ASSIGNMENT: Excluding pictures, what does the listing below contain from the line with "6/2018 Kia Carnival" up to and including the line with "Apartment Mountain Marina Luxury", word for word?

AVAILABLE DATA:
******************************
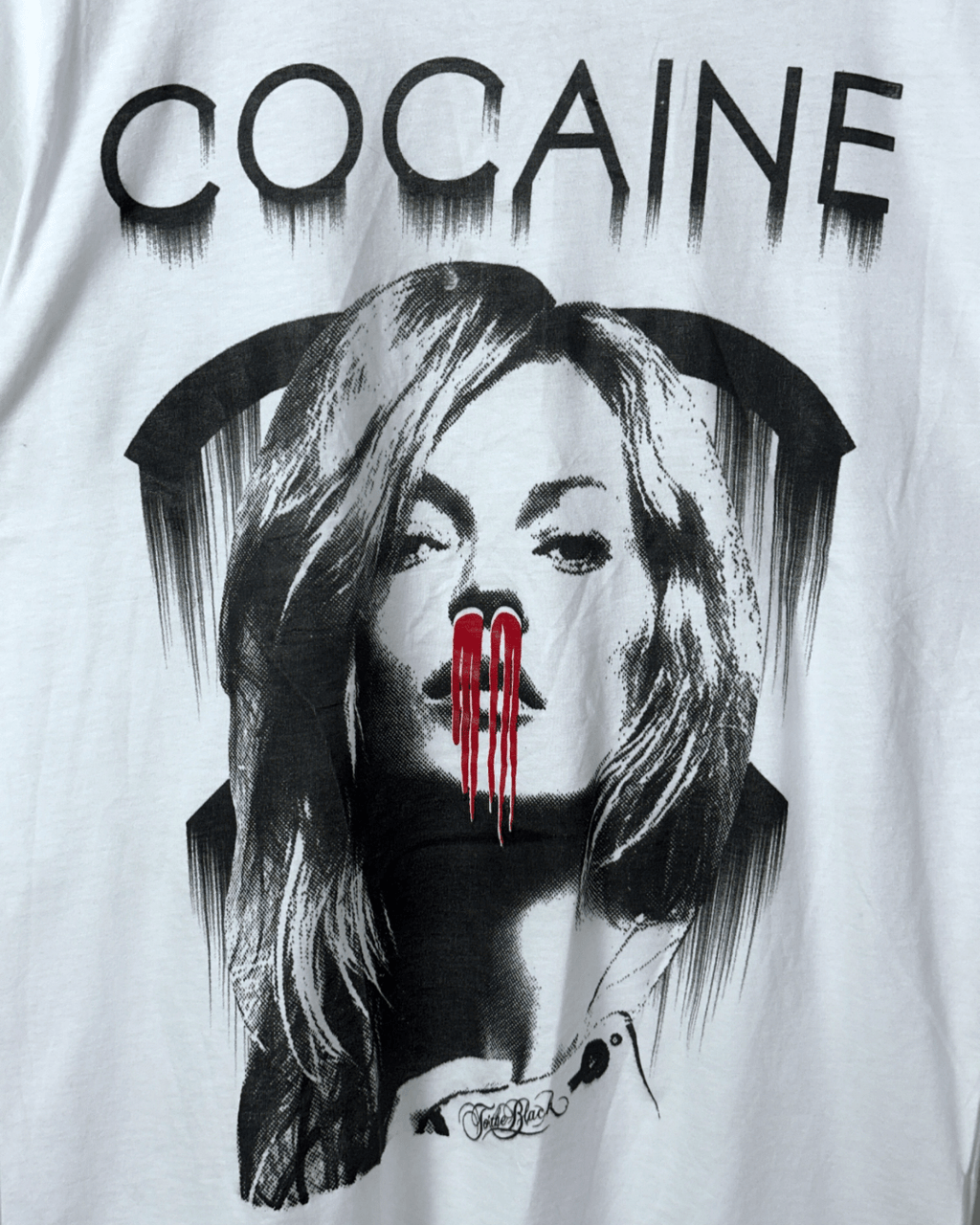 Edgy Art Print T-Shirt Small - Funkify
******************************
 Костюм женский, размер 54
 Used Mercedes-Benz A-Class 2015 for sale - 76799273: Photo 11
******************************
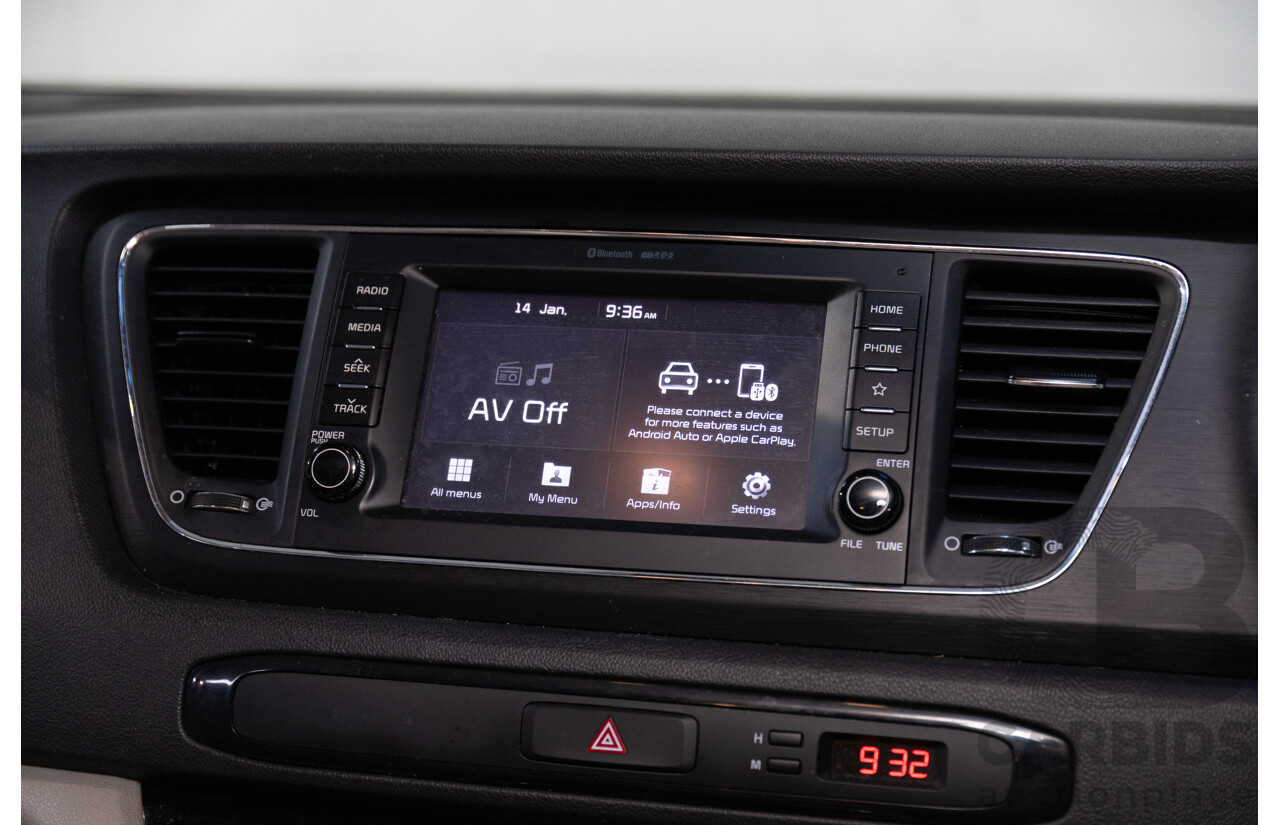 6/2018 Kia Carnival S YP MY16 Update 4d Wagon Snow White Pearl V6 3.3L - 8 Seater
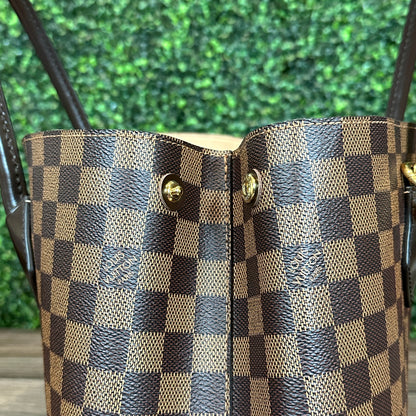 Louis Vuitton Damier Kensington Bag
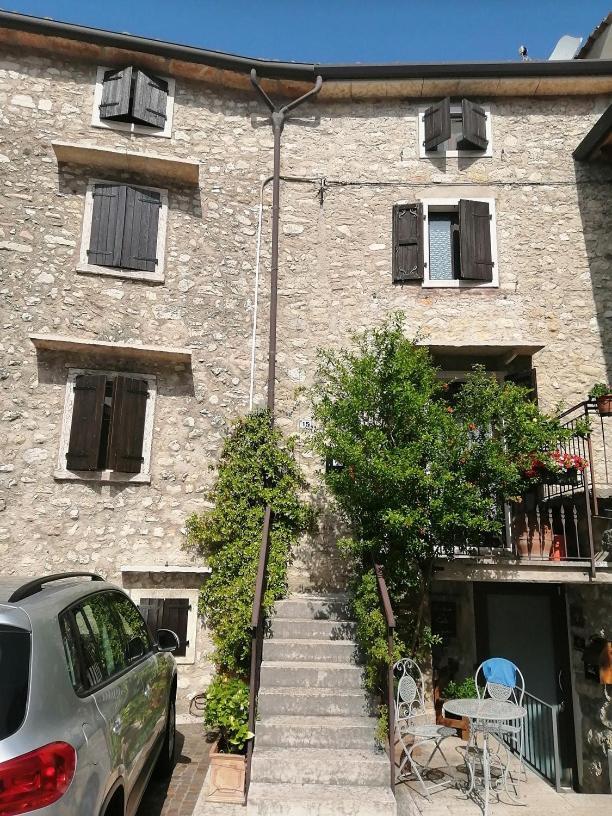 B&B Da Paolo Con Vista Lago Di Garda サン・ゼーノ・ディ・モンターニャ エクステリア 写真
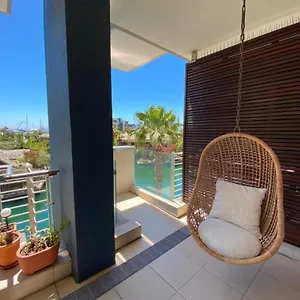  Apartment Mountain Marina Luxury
******************************
REPLY:
 6/2018 Kia Carnival S YP MY16 Update 4d Wagon Snow White Pearl V6 3.3L - 8 Seater
 Louis Vuitton Damier Kensington Bag
 B&B Da Paolo Con Vista Lago Di Garda サン・ゼーノ・ディ・モンターニャ エクステリア 写真
  Apartment Mountain Marina Luxury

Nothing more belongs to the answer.